Concordo em gênero, número e grau. Qualquer pessoa em que, depois da lavagem midiática, tenha sobrado ainda dois neurônios para conversar um com o outro não vai ter dúvidas disso. A elite do Brasil sempre teve, desde Getúlio Vargas, um só programa, que se divide em duas coisas: tirar direitos da classe trabalhadora – a tal flexibilização – e a apropriação privada da riqueza brasileira, seja do ferro, seja do óleo, como agora, com a Petrobras. É sempre a rapina econômica.
A elite, no Brasil, o projeto dela é a rapinagem econômica da riqueza que é de todos. E, para legitimar a rapinagem, ela vai usar o seu partido, a imprensa conservadora, que é a dominante entre nós. Quer dizer, no fundo, a corrupção seletiva serve para encobrir a rapina, pegar o petróleo que é de todos e dar para os americanos um pouquinho e encher o bolso de meia dúzia aqui dentro. Esse é o único projeto político da direita no Brasil há cem anos: o entreguismo.
Que caminho o senhor enxerga para enfrentar essa ofensiva?
Acho que a saída é a luta política, uma forma de conscientização. A grande esperança que o povo brasileiro e setores progressistas podem ter é que a direita, no Brasil é burra. Ela é autoritária, ela é violenta, mas é burra. O que fizeram na sexta mostra isso.

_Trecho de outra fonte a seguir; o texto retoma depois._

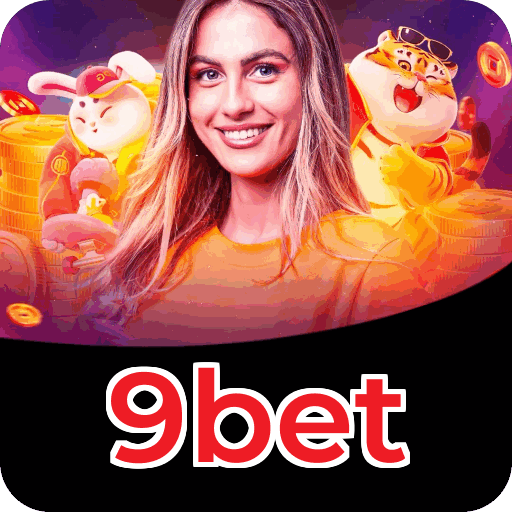 Instalar APK 9bet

Essa é a hora de apelar para a inteligência das pessoas que foram feitas de tolas com esse tipo de discurso, [que se apresenta] como se fosse uma limpeza, uma luta real contra a corrupção, porque isso tudo é lorota, fica óbvio agora. É uma corrupção seletiva, para acabar com as conquistas da classe trabalhadora. Isso aconteceu sempre e, historicamente, se repete sobre outras formas. Antes era com os militares, agora, com os juízes.
Alguns colunistas da grande imprensa têm falado que, com as convocações às ruas, o PT tenta incitar confrontos...
Isso também mostra a luta, que é sempre uma ação e uma reação. Você tem que criminalizar tudo que for da esquerda. E tudo que é da direita você tem que dizer que é um ganho moral, etc. É uma tentativa de fazer as pessoas de imbecis. É preciso mostrar isso.